En l’espèce, l’examen des déclarations faites par le demandeur lors de son audition, telles que celles-ci ont été relatées dans le compte rendu figurant au dossier, ensemble les moyens et arguments apportés au cours des procédures gracieuse et contentieuse, amène le tribunal à conclure que le demandeur reste en défaut de faire état et d’établir à suffisance de droit des raisons personnelles de nature à justifier dans son chef une crainte actuelle justifiée de persécution du fait de sa race, de sa religion, de sa nationalité, de son appartenance à un certain groupe social ou de ses convictions politiques ainsi que le prévoit l’article 1er, section A, 2. de la Convention de Genève.

Il est constant que Monsieur … a vécu pendant 13 ou 14 ans en Allemagne, avant qu’il ne soit retourné en Turquie avec ses parents. Il a fait son service militaire de 1994 à 1996 et a ensuite quitté le domicile familial pour se rendre à Istanbul où il a travaillé pendant 6 ans avant de venir au Luxembourg.

En ce qui concerne les coups de feu tirés sur lui par son père au moment de la révélation de son homosexualité, force est de constater qu’au delà du fait que cet événement date déjà de 1994, les membres de sa propre famille ne sauraient être considérés, en l’absence de circonstances particulières, comme des agents de persécution au sens de la Convention de Genève. A cela s’ajoute qu’après cet événement il a réussi, après des difficultés initiales, à s’installer chez son ami et à trouver un travail stable à Istanbul pendant au moins 6 années.
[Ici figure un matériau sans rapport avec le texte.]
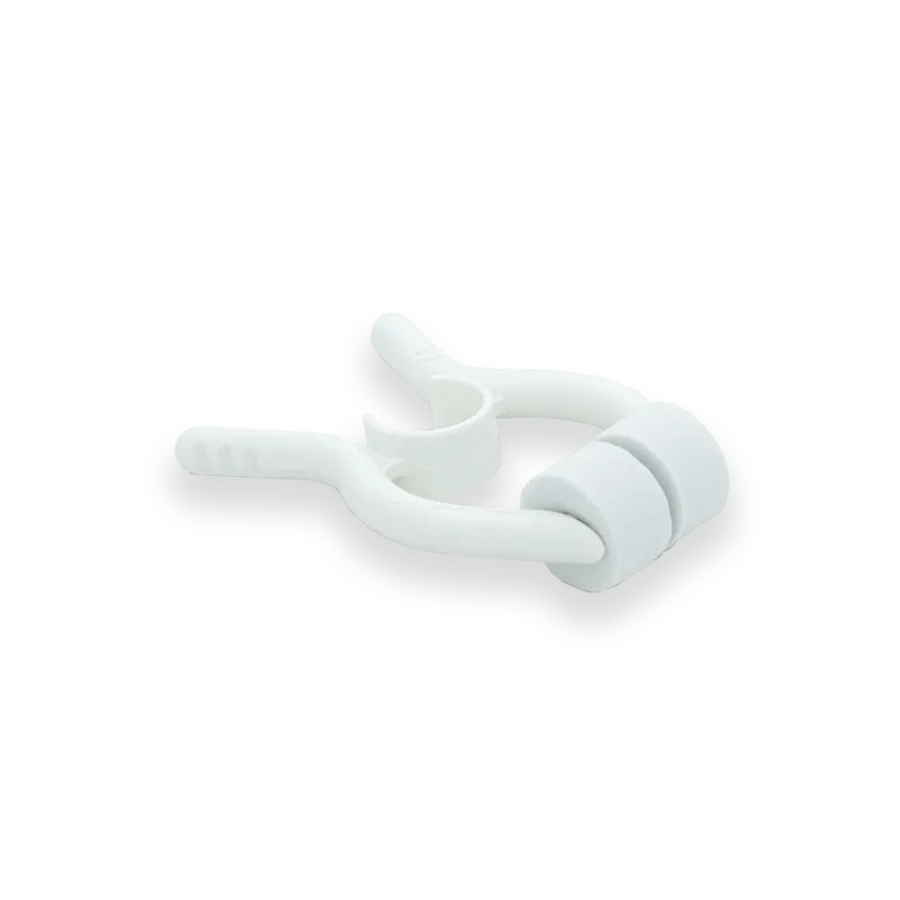 Biały klips do nosa z piankowymi poduszkami, używany do pływania lub nurkowania.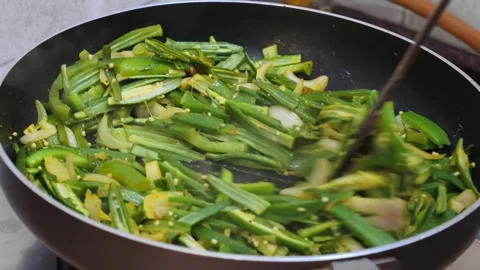 Close-up view of freshly sautéed okra (bhindi) with onions and green capsicum be Stock Footage 309174773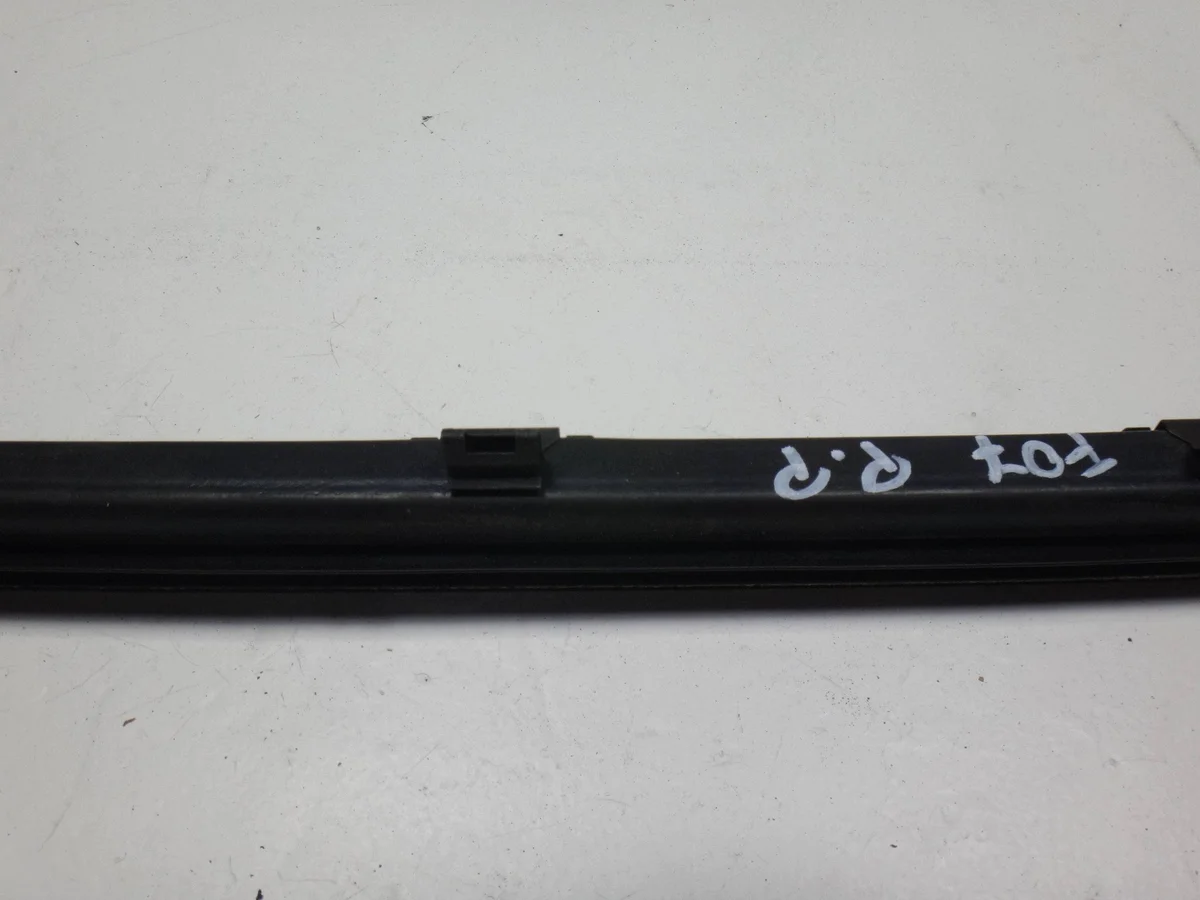 Joint de vitre avant droit BMW GT F07 image 4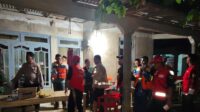 Polisi, BPBD, dan Warga Evakuasi Korban Banjir Bandang di Lampung Barat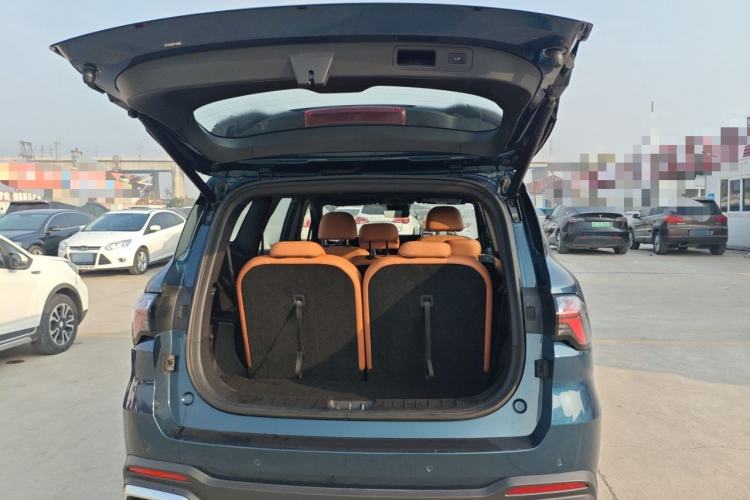 Used Geely Auto Haoyue L 2023 2.0T DCT Flagship Version Trunk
Concernant ensuite la crainte exprimée par le demandeur d’actes de persécution provenant de la société en général en raison de son homosexualité, force est de constater qu’il se prévaut d’actes de persécution émanant non pas des autorités publiques, mais de personnes privées. Or, s’agissant ainsi d’actes émanant de certains éléments de la population, une persécution commise par des tiers peut être considérée comme fondant une crainte légitime de persécution au sens de la Convention de Genève uniquement en cas de défaut de protection de la part des autorités publiques pour l’un des motifs énoncés par ladite Convention et dont l’existence doit être mise suffisamment en évidence par le demandeur d’asile. En outre, la notion de protection de la part du pays d’origine de ses habitants contre des agissements de groupes de la population n’implique pas une sécurité physique absolue des habitants contre la commission de tout acte de violence, et une persécution ne saurait être admise dès la commission matérielle d’un acte criminel (cf.

Jean-Yves Carlier : Qu’est-ce-qu’un réfugié ?, Bruylant, 1998, p. 113, nos 73-s).

Pareillement, ce n’est pas la motivation d’un acte criminel qui est déterminante pour ériger une persécution commise par un tiers en un motif d’octroi du statut de réfugié, mais l’élément déterminant à cet égard réside dans l’encouragement ou la tolérance par les autorités en place, voire l’incapacité de celles-ci d’offrir une protection appropriée.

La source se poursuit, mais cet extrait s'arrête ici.